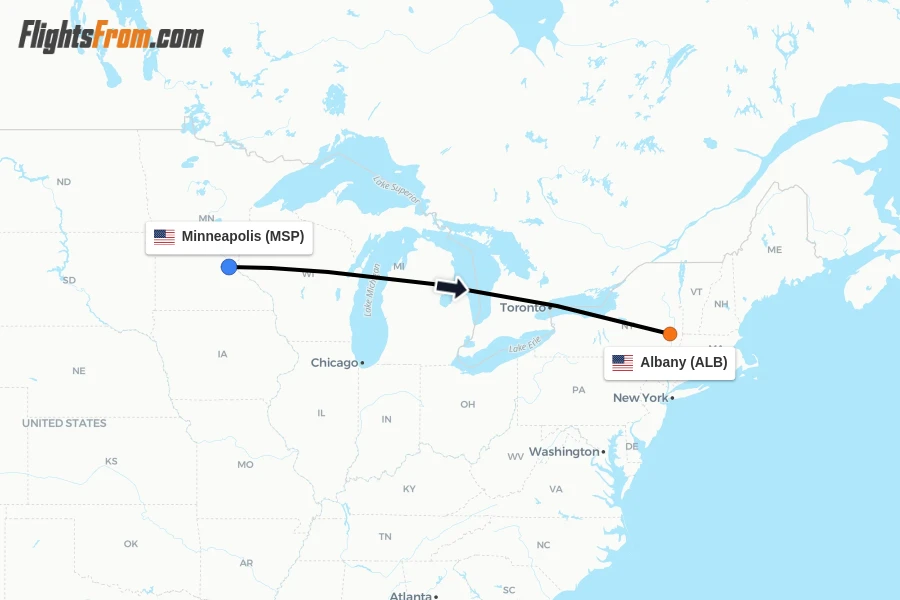 Flights from Minneapolis to Albany route map
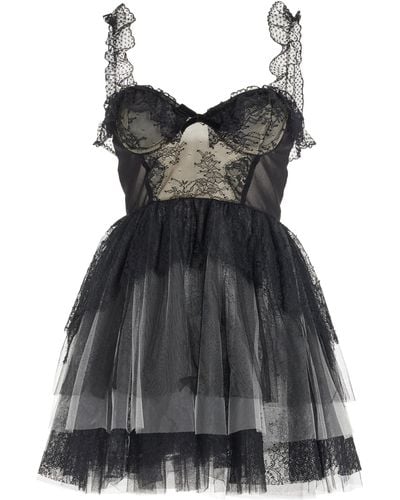 Philosophy Di Lorenzo Serafini Lace Mini Dress - Black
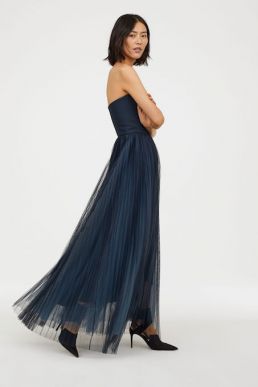 H&M Strapless Maxi Dress with a tulle skirt Navy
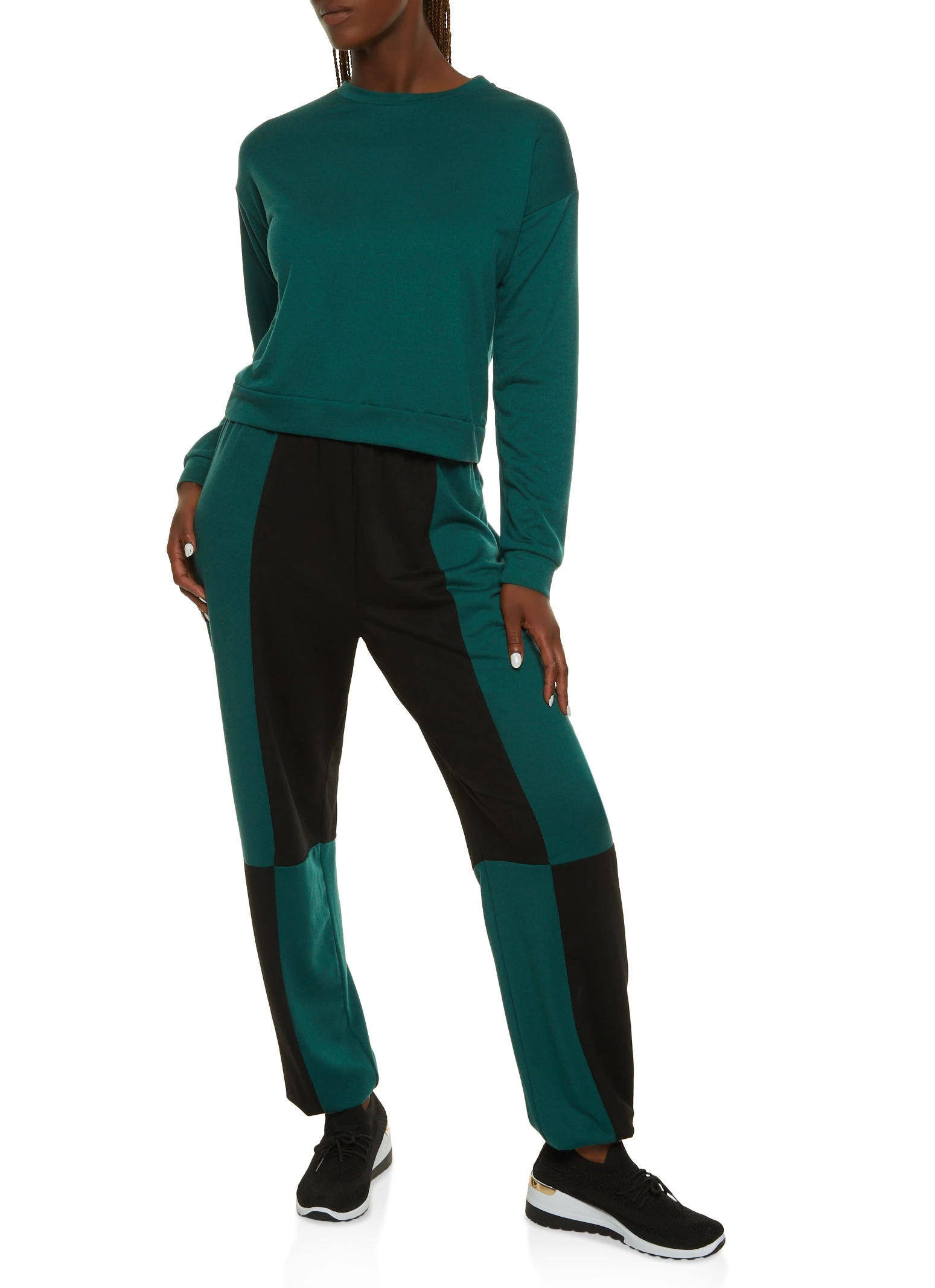 Solid Crew Neck Pullover Sweatshirt - Image 2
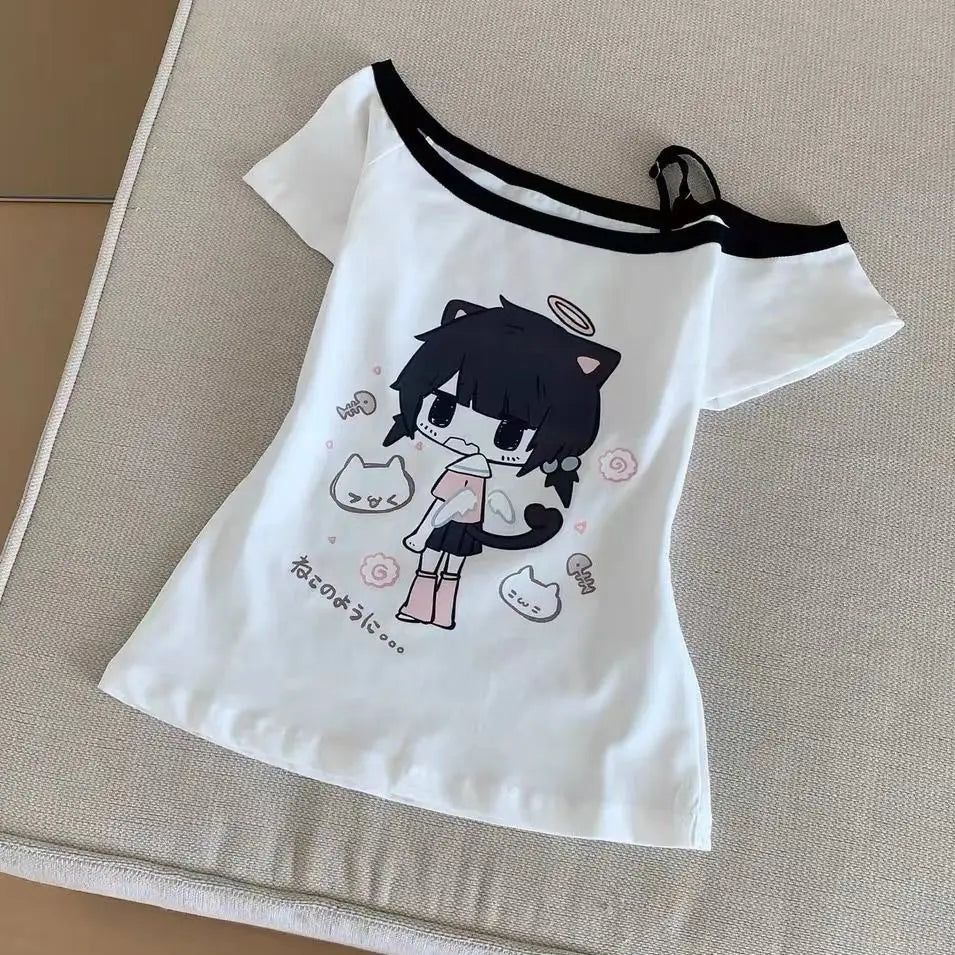 Japanese Y2K Print Skew Collar T-Shirts Summer Off Shoulder Short Sleeve Tee Shirt New Loose All-Match Top for Women Quick Pick Grocers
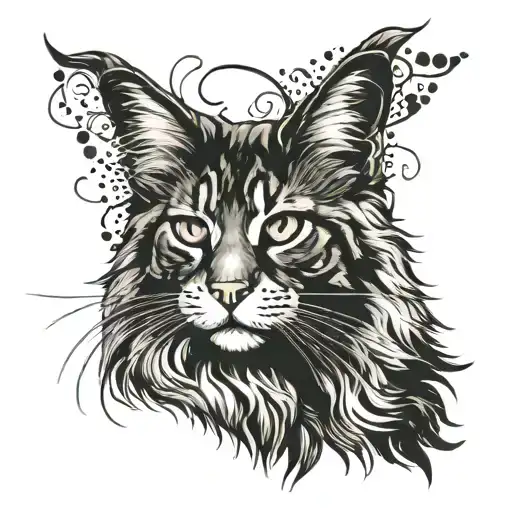 maine coon cat with wings spread wide tattoo design idea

_What the task asks_
In the copy, include every record exactly and no pictures.

_Response for this exercise_
 Flights from Minneapolis to Albany route map
 Philosophy Di Lorenzo Serafini Lace Mini Dress - Black
 H&M Strapless Maxi Dress with a tulle skirt Navy
 Solid Crew Neck Pullover Sweatshirt - Image 2
 Japanese Y2K Print Skew Collar T-Shirts Summer Off Shoulder Short Sleeve Tee Shirt New Loose All-Match Top for Women Quick Pick Grocers
 maine coon cat with wings spread wide tattoo design idea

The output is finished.